The Missouri Constitution says that a person has the right to make decisions about reproductive health care, “including but not limited to prenatal care, childbirth, postpartum care, birth control, abortion care, miscarriage care, and respectful birthing conditions.”

“The key word in the phrase was ‘but not limited to,’” said Brian Westbrook, executive director of the anti-abortion group Coalition Life, which campaigned last year against the amendment. “The 2024 Amendment 3 did, in fact, speak about sex-change operations without actually naming them out loud.”

But for opponents of Amendment 3, the addition is misleading.

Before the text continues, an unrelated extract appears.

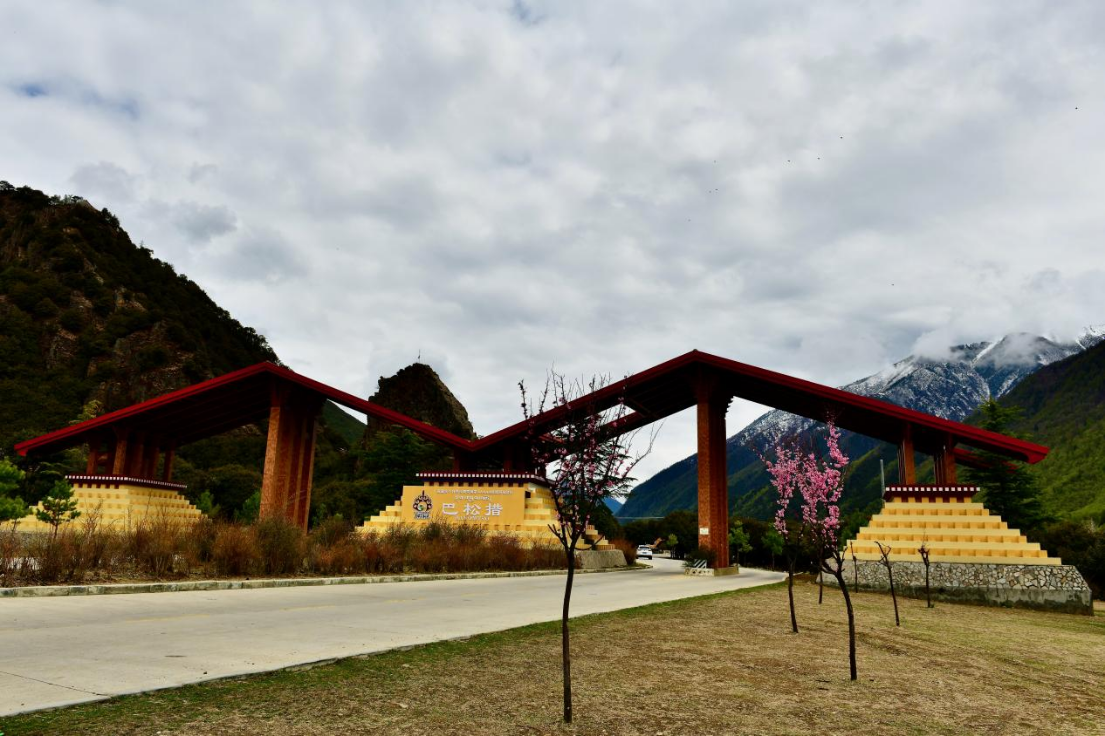 寻访巴松措：一湖藏天地，一念忘古今-图片1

Maggie Olivia, policy and external affairs director of Abortion Action Missouri, which led the campaign in 2024 to get the amendment on the ballot and is now leading the opposition to Amendment 3, told NOTUS that Republicans adding a gender-affirming care ban is “one piece of the package of deceit that this amendment is wrapped in.”

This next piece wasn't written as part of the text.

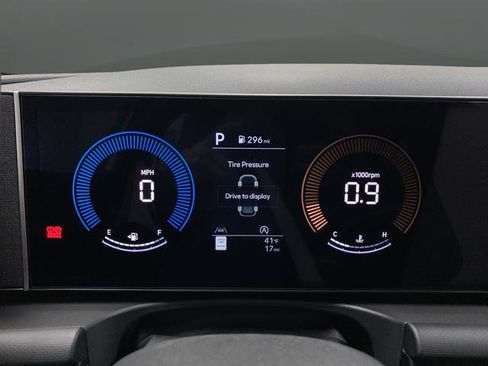 New 2026 Hyundai Tucson SE image 14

Olivia added that “the number one thing that we’re trying to communicate to folks right now is like, ‘Literally last year, you ended the abortion ban, now these corrupt politicians are going to try to trick you into banning [abortion] again. We know you won’t be fooled, we’re going to stop the ban.’”

The ACLU of Missouri is suing the Missouri secretary of state over the ballot amendment’s language, arguing it is “misleading and inaccurate.” The organization is asking the state court to either prohibit the amendment from being on the ballot or reword it. A hearing for the case is set to take place on Aug. 27.

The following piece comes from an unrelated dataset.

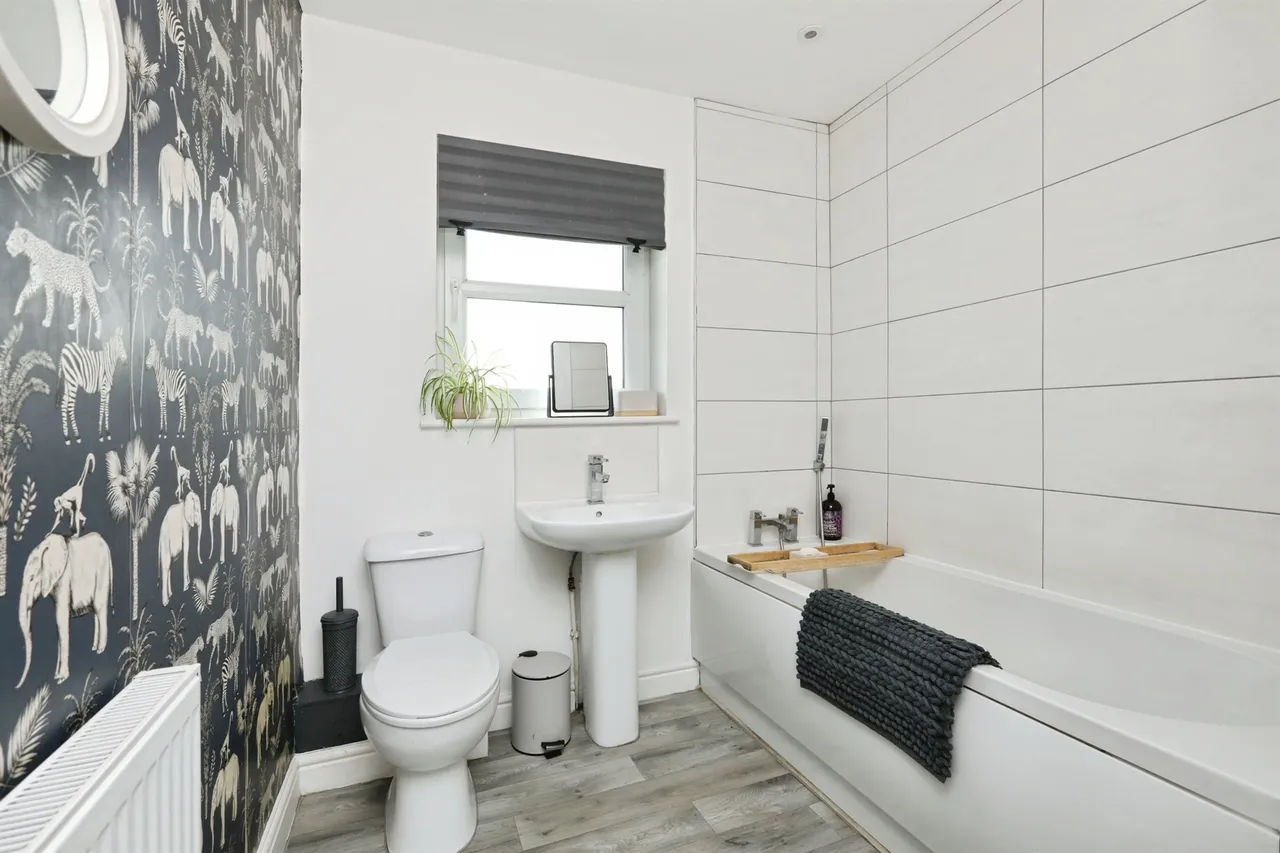 Briars Lane, Stainforth, DN7, photo 13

Under state law, a constitutional amendment is required to only deal with a single subject and must be considered “necessary to effectuate a single legislative change.” The ACLU of Missouri says the anti-abortion measure violates that law by grouping gender-affirming care and abortion together under the definition of “reproductive health care.”

“That logic is simply not founded in fact,” Tori Schafer, the ACLU of Missouri’s director of policy and campaigns, told NOTUS. “We know that the Missouri Legislature has already banned transgender health care for minors through state statute, and this is them trying to embody that in the state constitution. But that has no policy impact, right?”

Schafer called it “a political maneuver to try and get Missourians to overturn their vote because they know that they can’t win on banning abortion alone.”

But Republican state Rep. Brian Seitz, who co-led the amendment with Lewis in the Legislature, said that both issues fit “under the loose definition” of reproductive health care.

“I think any gender surgery altering the gender that the individual actually is, what their DNA declares, deals with reproductive health care. So this amendment, dealing with the abortion issue, dealing with gender surgeries, revolves around reproductive health care,” Seitz told NOTUS.

“I hope it does inspire other states to do something similar,” Seitz said. “Children need to be protected in a civilized society.”

The 2026 amendment is the first time an abortion ban and gender-affirming care ban are tied together into one constitutional amendment, and it’s also the first time that an anti-trans measure could be added to a state’s constitution.

“We’ve been having so much success just passing this stuff through the Legislature that we haven’t had to do ballot issues. But I fully support this, I think it’s super smart,” said Terry Schilling, president of the conservative American Principles Project, who works with Republicans on the state and federal level on this type of legislation.

“I’m actually encouraging people that are in these blue states that if there are ways to get these initiatives on the ballot,” Schilling continued. “They should work to do that.”

Currently 14 states and the District of Columbia have laws in place protecting access to trans health care. Abortion is protected in 21 states and Washington, D.C.